Otherwise, even if officers unconstitutionally seized Defendant Yargee, he lacks standing to suppress the gun and drugs because he failed to demonstrate a "factual nexus" between his unlawful detention and discovery of the evidence. DeLuca, 269 F.3d at 1133. The defendant has the burden to show Fourth Amendment standing or factual nexus—"that the methamphetamine would never have been found but for his, and only his, unlawful detention." Id. To do so, Yargee would have to show that "had he requested to leave the scene of the traffic stop, he would have been able to do so in the [seized car]." The maroon Audi appeared to belong to Defendant Derek Soeten, and Yargee does not claim he had permission to use the car. See Government's Exhibit 3-K, at 1. "[W]ithout any evidence to the contrary, we must assume that regardless of [Defendant Yargee's] presence, the car and its owner would have continued to be detained and the officer would still have found the methamphetamine." DeLuca, 269 F.3d at 1133. Therefore, Defendant Yargee's Motion to Suppress, Doc. 1128, is DENIED.

FootNotes


1. The Court denied Defendant Potts' motion (Doc. 1136) to join this Motion to Suppress because Potts lacks standing. See Doc. 1266. Defendant Brown did not join this Motion, nor would he be able to show standing. See Docs. 1138, 1139.

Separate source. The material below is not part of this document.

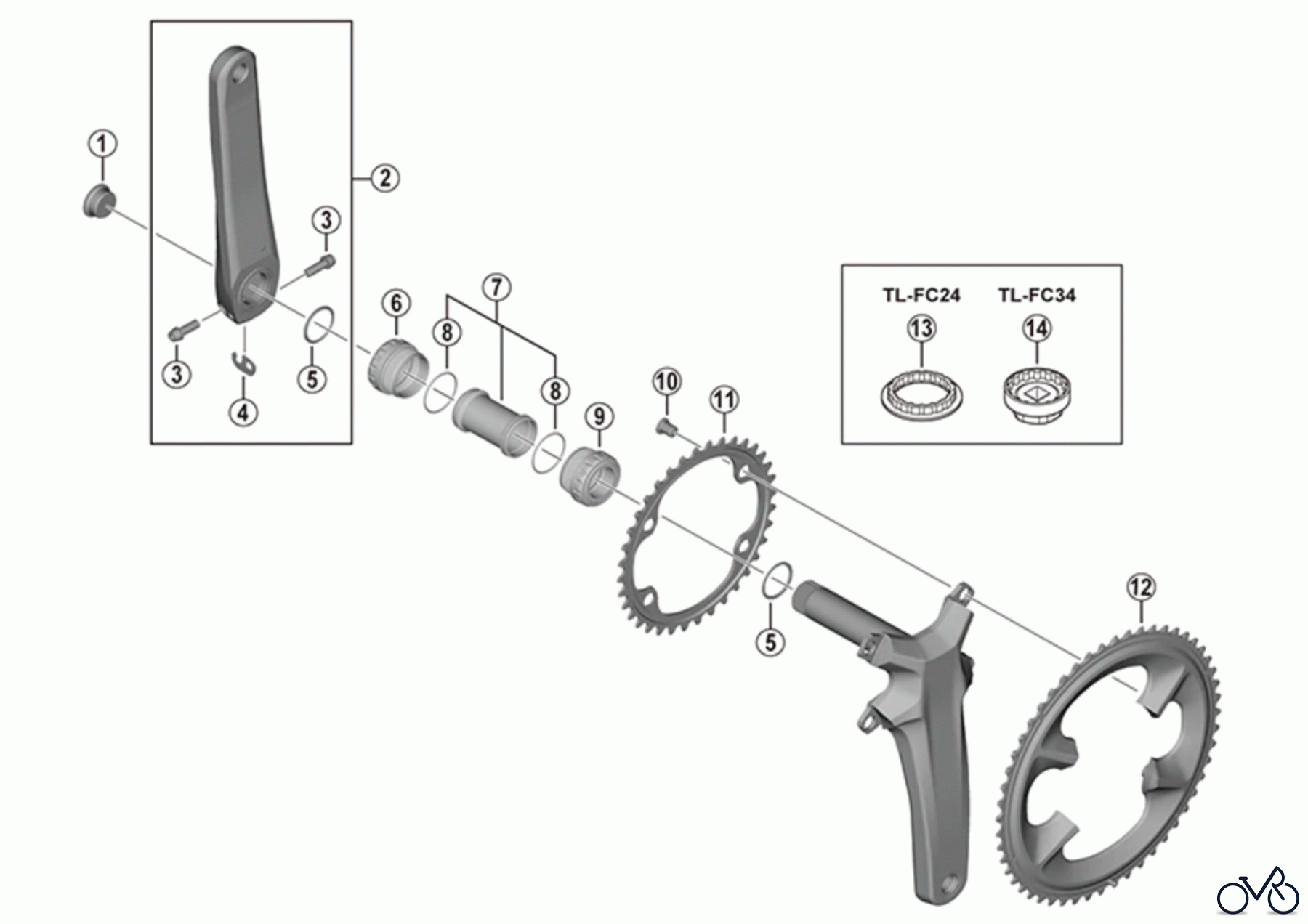  Shimano FC Front Chainwheel - Kurbelsatz, Vorderes Kettenblatt FC-R9200 (-4809) DURA-ACE Kurbelgarnitur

2. Sergeant Morgan testified that one passenger told an officer they were headed to Tulsa, whereas another said they were headed to a different location. Additionally, a passenger allegedly said they were driving to pick up his uncle, even though the vehicle was already at capacity with five passengers.

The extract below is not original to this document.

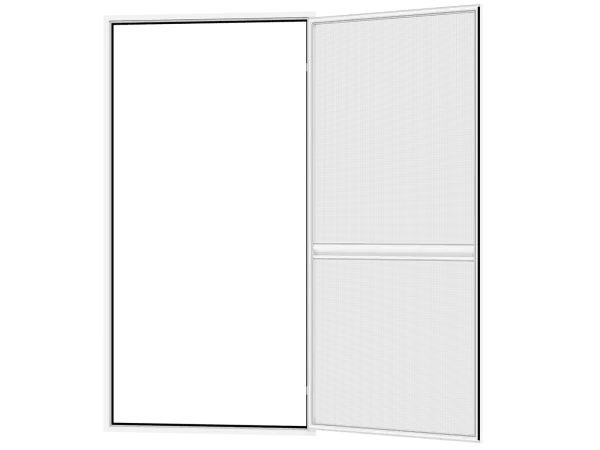 Sieťky na DVERE- pántové v ráme SMART - BIELA - s priečkou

3. Morgan also testified that had he been able to disclose and rely on the wiretap evidence, he would have conducted a probable cause search of the car even before the drug-sniffing dog arrived. The Court will not speculate whether probable cause existed when officers first initiated the stop. Reasonable suspicion was enough to conduct the stop, and the "tolerable duration" of that stop is "determined by the seizure's `mission.'" Rodriguez v. United States, 135 S.Ct. 1609, 1614 (2015) (quoting Illinois v. Caballes, 543 U.S. 405, 407 (2005)). Either mission, in light of officers' observations during the encounter, justified the twenty minute stop in this case. The Court also declines to decide whether the manner in which the stop was effectuated—handcuffing the passengers and placing them in separate vehicles before the dog arrived—constituted an unconstitutional arrest, rather than a valid "Terry stop," Knowles v. Iowa, 525 U.S. 113, 117 (1998). As the Court discusses herein, Yargee has failed to meet his burden of showing the required "factual nexus" for suppression. United States v. DeLuca, 269 F.3d 1128, 1133 (10th Cir. 2001).